Houve tempo em que até mesmo os mais convictos ateus davam graças a Deus aqui e ali em suas vidas. Não mais. As religiões, cultos e seitas se multiplicam. Afinal, sempre foram um bom negócio, um grande e lucrativo negócio e, enquanto instituições, não fariam grande falta à humanidade. O que está em extinção, desgraçadamente, é a religiosidade, o espírito religioso, a consciência do tempo sagrado que cada um carrega dentro de si.

Isto se reflete, com grandes prejuízos, em tudo: nas relações humanas, na arte, na ciência, na política, no dia a dia de cada um e de todos, nas pequenas e grandes comunidades.
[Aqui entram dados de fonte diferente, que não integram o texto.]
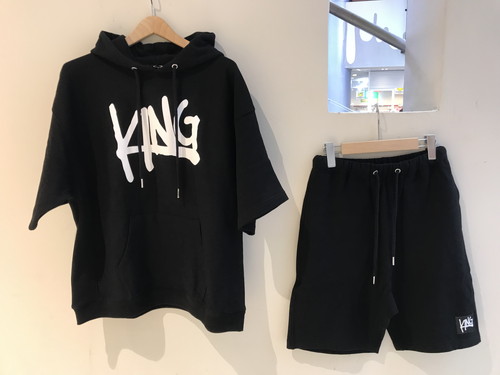 写真 2019-04-28 14 21 35.jpg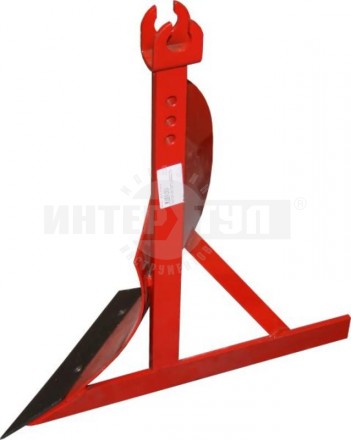 Плуг для Буцефал Кентавр DDE [3]  купить в Хабаровске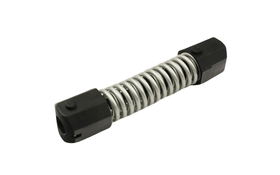 FT96506 SPRĘŻYNA ZAWIAS MASKI IVECO DAILY 14-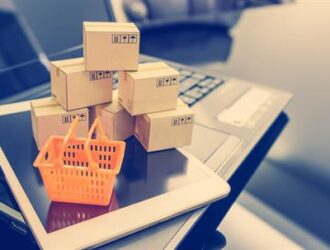 Порталы для селлеров маркетплейсов: помощь в продажах и не только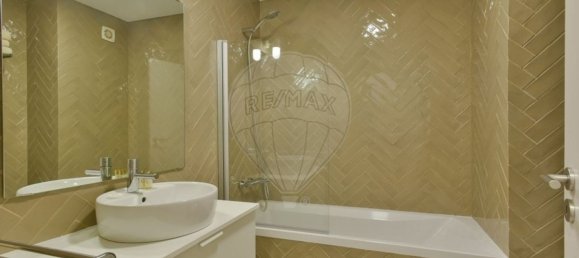 4 bedrooms Apartment in Oeiras, Portugal No. 149540 20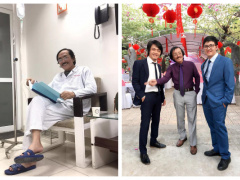 Ảnh bìa bài viết 733115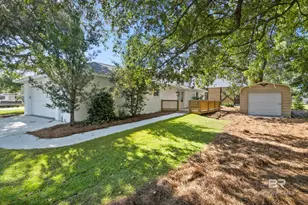 5443 Bay La Launch Ave, Orange Beach, AL 36561 - Photo 3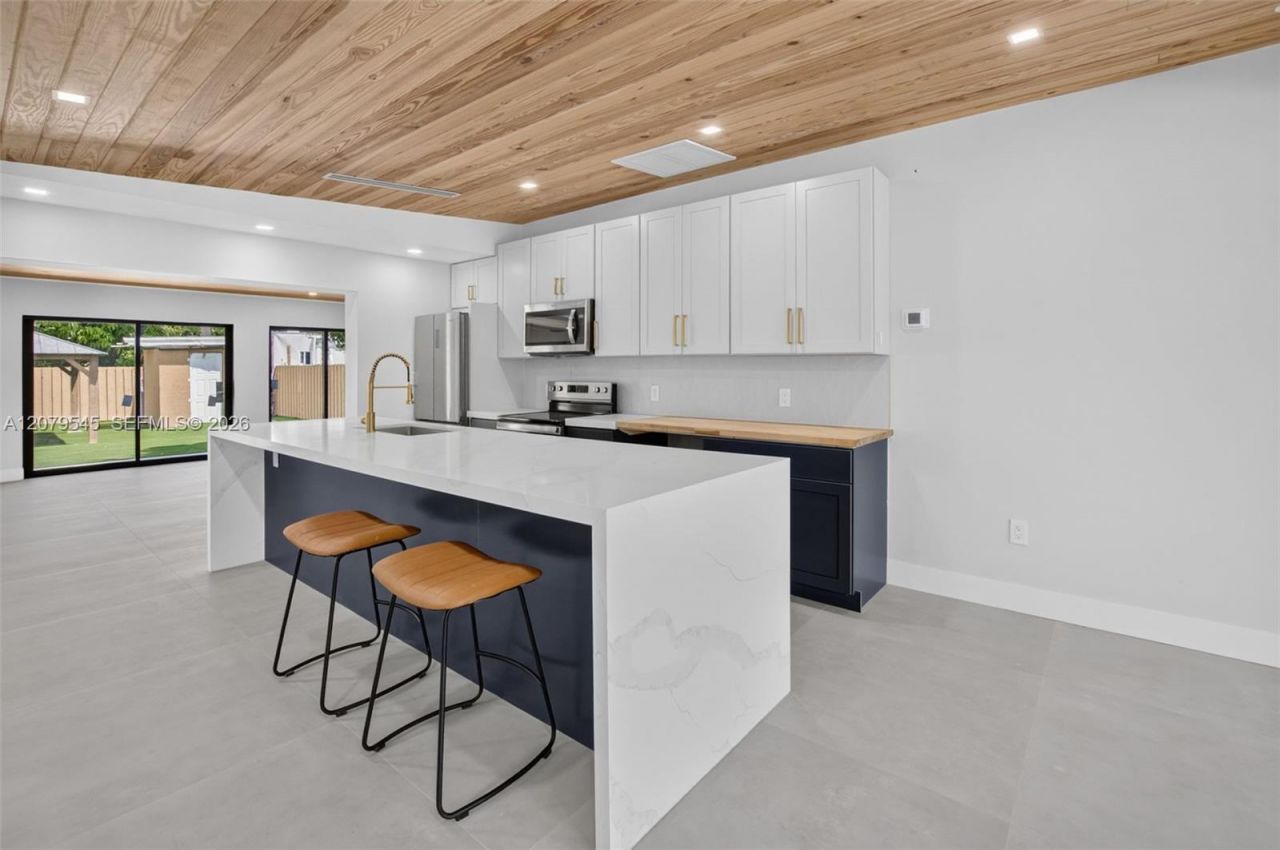 119 SW 4th Ave, Delray Beach, FL 33444 Photo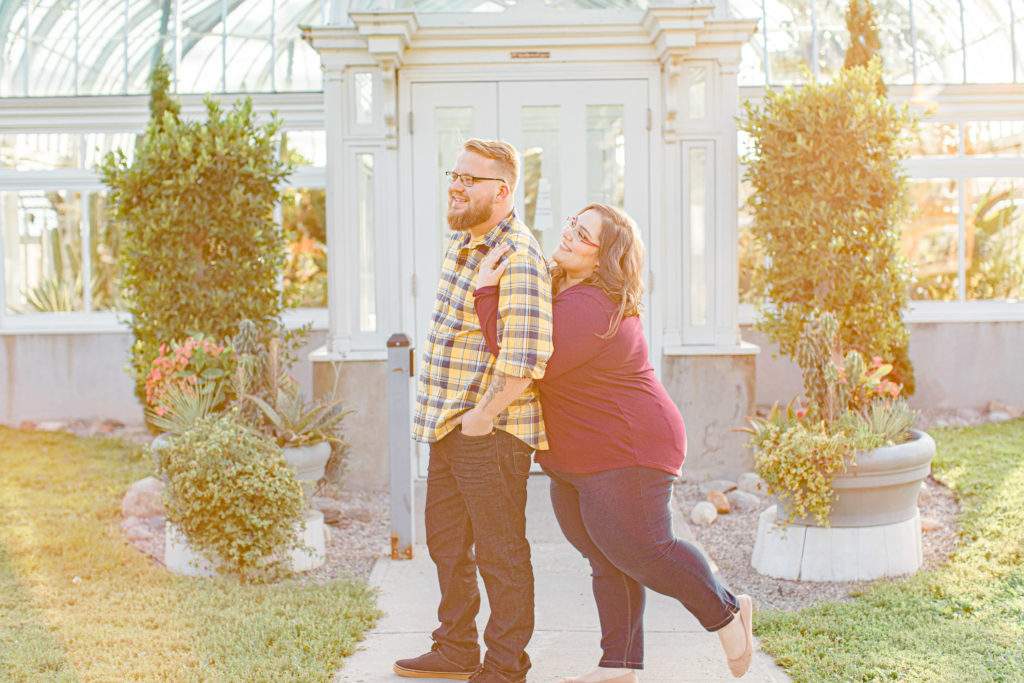 Cute standing pose with - Fall photoshoot Must Have - Ottawa Wedding Photographer - Grey Loft Studio - Wedding in Ottawa -
Yellow & Plaid with Burgundy Knit Sweater and Jeans - Ottawa Photography Spots - Photographer Needed Ottawa  - Ottawa Camera Traffic - Ottawa Photographers Wedding - photographer in Ottawa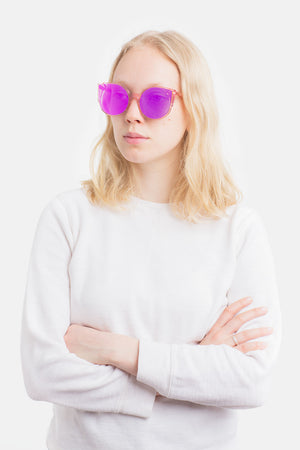 Lucia Forma Lane Crawford — 5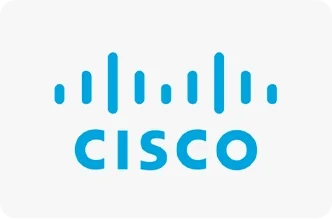 CISCO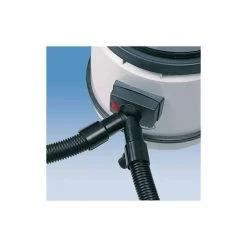 VIRUTEX Aspirateur 72 L 2300 W - AS382L -BESSEY shop virutex aspirateur 72 l 2300 w as382l 3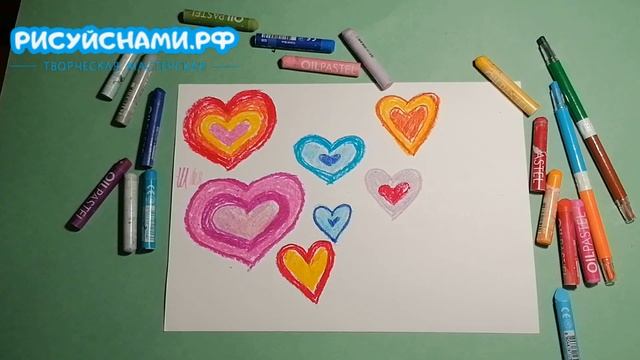 Как сделать Подарок ко дню матери своими руками смотреть онлайн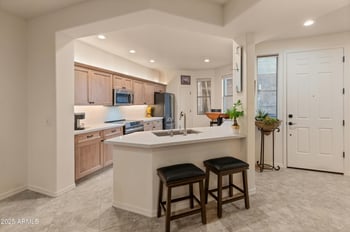 15221 Clubgate Dr #1138, Scottsdale, AZ 85254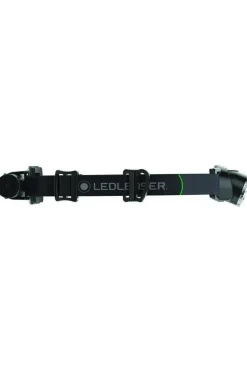 Macpac Head Torches & Lamps><noscript><img width=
O que assusta, e com razão, é o fato de que cada vez mais, menos pessoas se rebelam, contestam, reclamam quando os adoradores do bezerro de ouro do materialismo regurgitam seus cantos horrorosos, suas obras capengas, seus textos sem sentido, tudo bem dourado contudo, como se fosse ouro... O rebanho dos homens vai ficando cada vez mais quietinho, marchando resignadamente para o abatedouro do espírito.

Recentemente, decretaram que a alma dos animais passou a ser supérflua, senão inconveniente. Construíram em metal um robô-cachorro e, no altar do tal bezerro, puseram-no à venda como "o animal de estimação nos tempos modernos"! O que aconteceu? Uma correria de eunucos espirituais para comprar a novidade! Mas como?! Se a coisa não passa de uma coisa, sem "anima", como pode ser animal!? Como e por que ter afeto por um pedaço de metal com um programinha de computador que o faz apenas mover-se desajeitadamente? Recuso-me! E ainda fico ofendido pelo imenso carinho que ofereço e recebo de Mon Ami e Lady, cachorros meus amigos.

Mas não fica por aí, o absurdo! Nos últimos anos os cientistas têm desenvolvido a técnica da clonagem de animais. Não é que governos, pensadores e nem tanto têm ocupado jornais e revistas para discutir, com a maior seriedade, "os aspectos terríveis e perigosos do emprego daquela tecnologia para clonagem de seres humanos", alegando que "criminosos poderiam mandar fazer cópias deles mesmos"?

O terror - por outros motivos, justificados - que tomou conta da intelligentsia planetária se deve ao fato de partir da premissa - errada, ao meu ver - de que o homem seria o corpo que usa, este sim duplicável. Mas o homem não é o corpo que usa e sim o que usa o corpo. A alma é individual, única e eterna, residindo aí a grandeza da vida.

Podem "clonar" feios e bonitos, maus e bons, fortes e fracos. Os corpos resultantes serão muito parecidos (nem iguais serão) com suas matrizes. Mas eles serão todos diferentes no que de verdade importa: o caráter e personalidade.

Há, em minha opinião, duas restrições a serem feitas à clonagem de qualquer animal, humano ou não: primeira, a diversidade biogenética é, a longo prazo, fundamental para a sobrevivência e aprimoramento dos invólucros físicos das espécies; segunda, seria muito sem graça ter que conviver com dois ou vinte animais, humanos ou não, com a mesma cara, o mesmo corpo.

O que me assusta, acima de tudo, é o fato de não ter ouvido nenhuma voz de peso lembrar que se o materialismo matou o Espírito, este vai muito bem, obrigado. O que me consola? Que minha ignorância me ensurdece, às vezes.